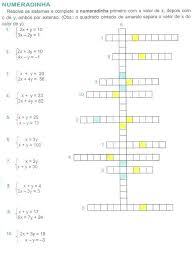 Calcule O Valor Numérico Das Seguintes Expressões Algébricas Doutor Matematico Cruzadinha De Sistemas De Equacoes De 1º Grau Com Sistemas De Equacoes Equacoes Cruzadinha De Matematica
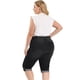 thumbnail image 5 of Women's Plus Size Capri Jeans Ripped Casual Chambray Denim Jean Black 4X, 5 of 7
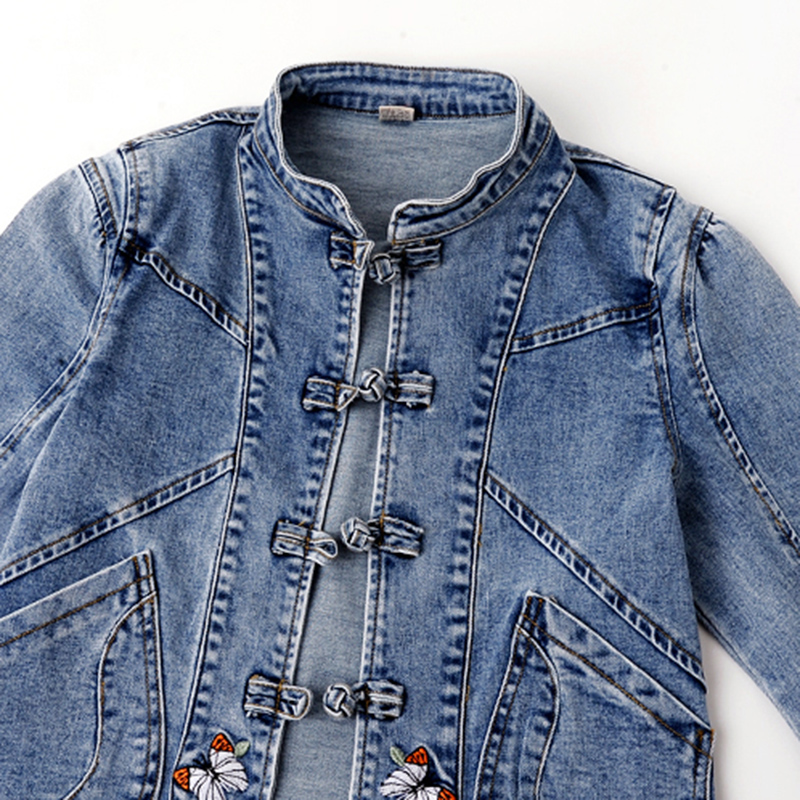 Embroidery Cardigan - Jaqueta Jeans Feminina Curta Bordada Elástica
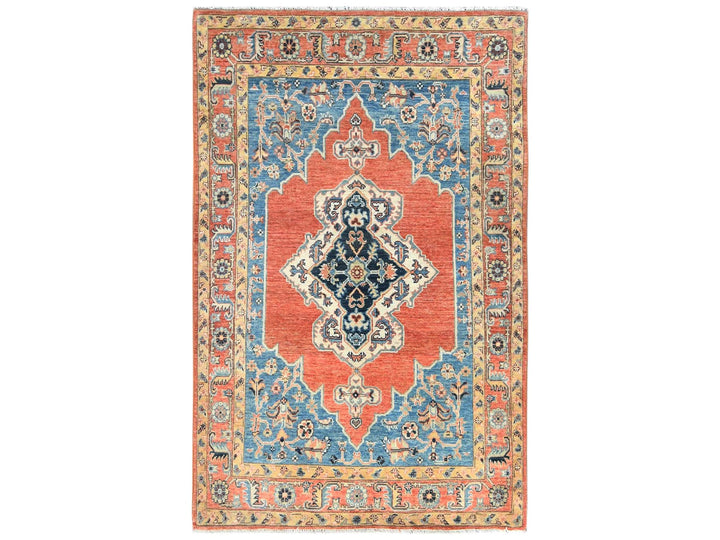 3'10" x 6'2" New Hand Knotted Orange Wool Rectangle Oriental Rug - MOA10281727
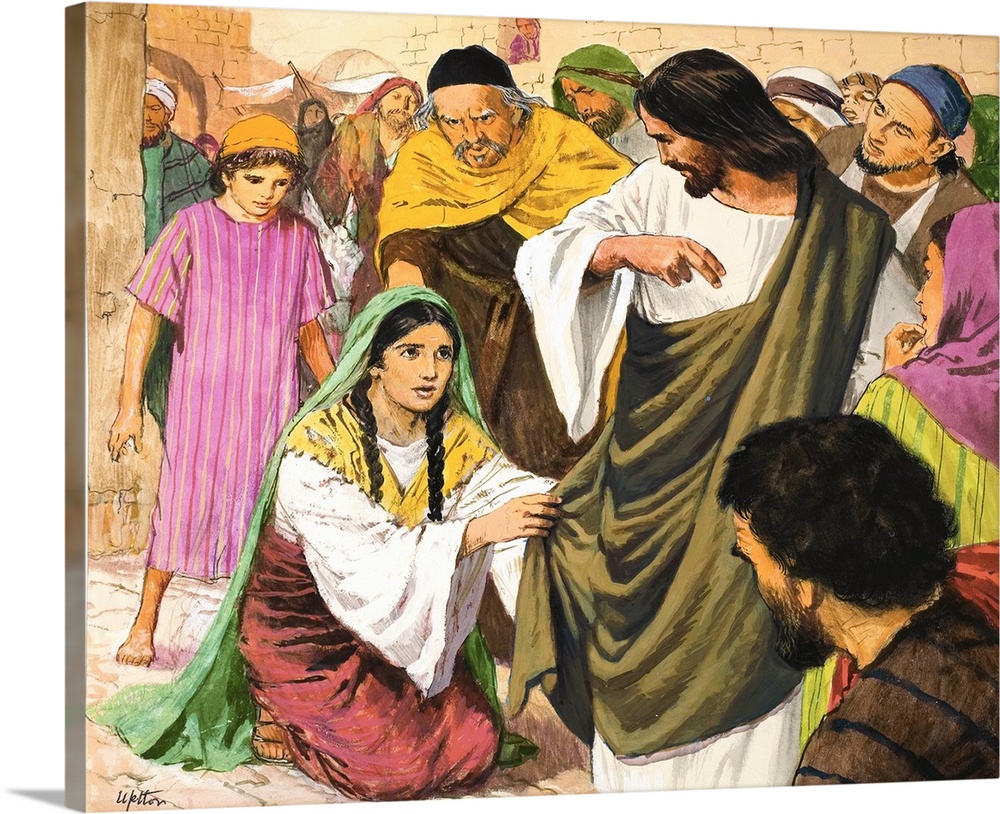 The Amazing Love of Jesus: The Woman in the Crowd. Original artwork for illustration on page 9 of Treasure issue number 24...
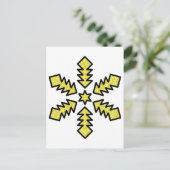 Glitter Snowflake - Yellow Star Postkarte (Stehend Vorderseite)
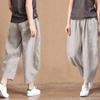 Loose Cotton and Linen Wide-leg Pants Women's Large Size All-match Linen Nine-point Casual Pants Plus Size
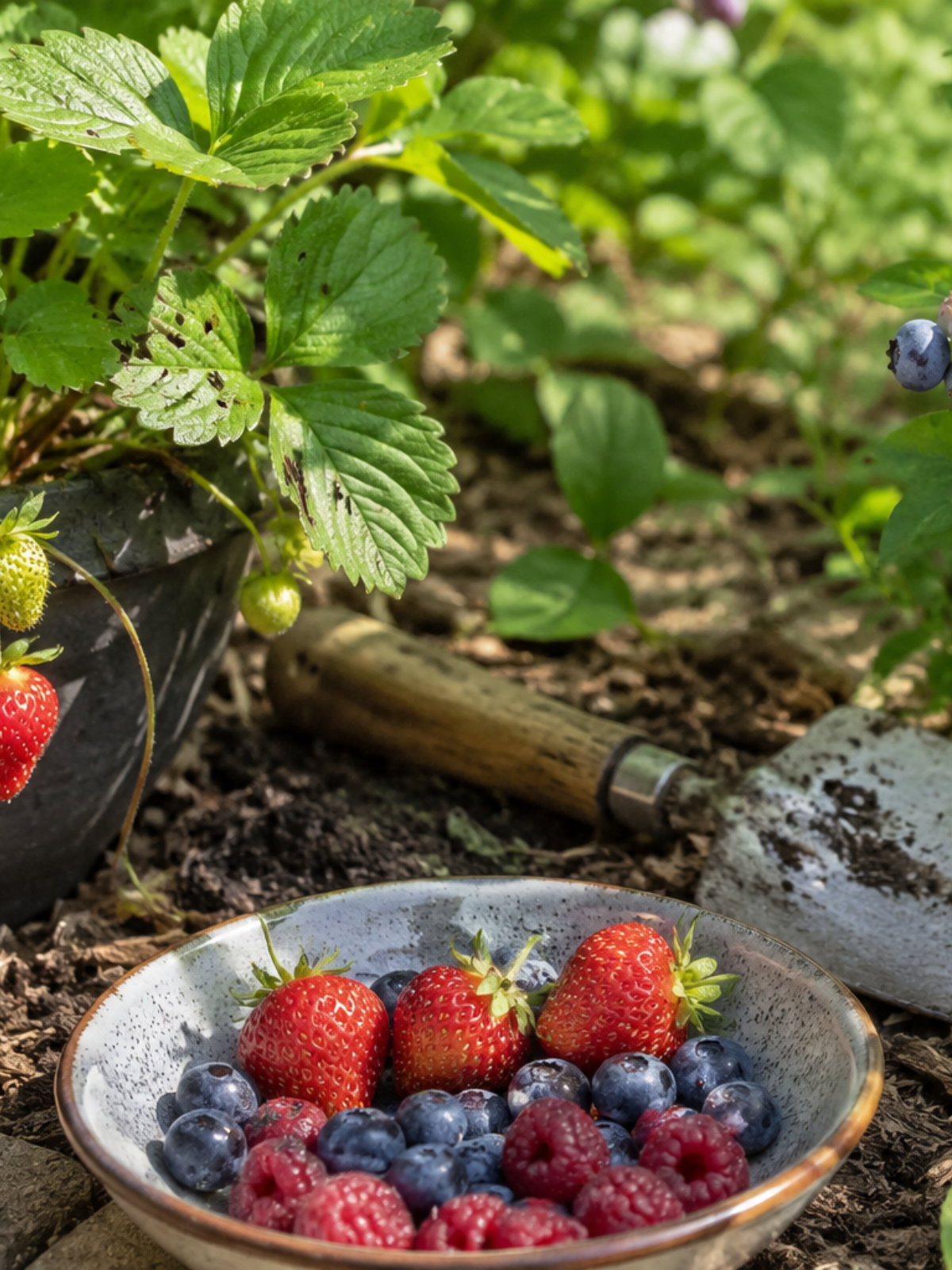 Natürliche Gartenszene mit Erdbeeren, Himbeeren und Heidelbeeren zwischen Mulch und Erde im Sonnenlicht. Neben einer kleinen Gartenschaufel stehen Schalen mit natürlichem Dünger und frisch geernteten Beeren. Das Bild zeigt sanfte, natürliche Gartenpflege für gesunde Beerenpflanzen und eine reiche Ernte.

### ACTIVITY
Starting at the first line of the material, output exactly the lines up to and including the one with "Embroidery Cardigan - Jaqueta". Do not include the pictures.

### SOLUTION TO THE EXERCISE
 Calcule O Valor Numérico Das Seguintes Expressões Algébricas Doutor Matematico Cruzadinha De Sistemas De Equacoes De 1º Grau Com Sistemas De Equacoes Equacoes Cruzadinha De Matematica
 thumbnail image 5 of Women's Plus Size Capri Jeans Ripped Casual Chambray Denim Jean Black 4X, 5 of 7
 Embroidery Cardigan - Jaqueta Jeans Feminina Curta Bordada Elástica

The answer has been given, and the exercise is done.